Comment on [Announcement] Ani.Social-Lemmy.World Federation Isssues
wjs018@ani.social 6 months ago
Alright, I have been doing some poking around the grafana dashboard and noticed that about 20k activities/hour (~ 6 per second) seems to be the limit that ani.social can process coming in from lemmy.world. Whenever the activity peaks on world go over that (generally EU afternoon/NA morning), we start to lag a bit. Then, after the peak has subsided, we catch up.

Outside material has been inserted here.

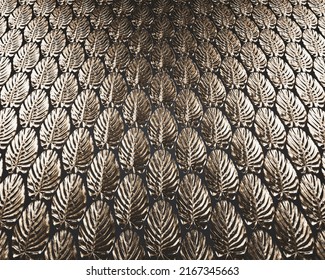 An Exotic Offset Pattern Created By Gold Delicious Monster Monstera Leaves On A Dark Background - 3D Render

All this really seems like it is putting a pretty hard limit on how big the fediverse could actually grow without federation becoming completely impossible. I was reading up on efforts that reddthat has undertaken to improve federation from world (since they are in AUS). Their EU-based proxy seems to have worked well, but even with batching like this, federation is always going to be a lot of bandwidth and message passing between servers that just might not scale past a certain point. Anyway, I am off topic.
In any case, the lag seems like it will be coming and going with a bit of regularity, kind of like fediverse tides.
MentalEdge@ani.social 6 months ago
The latency limit is caused by the activity queue that was introduced in v19.
Servers can only talk as fast as round time allows, because Lemmy instances now keep track that each event actually does get federated, and in the right order.
That last point means each event only gets sent once acknowledgement of the last one is received, creating a hard limit for how many events can be communicated, depending on ping. A mere two per second with a latency of 500ms.
This serial process will obviously need to be parallelized. But that’s difficult.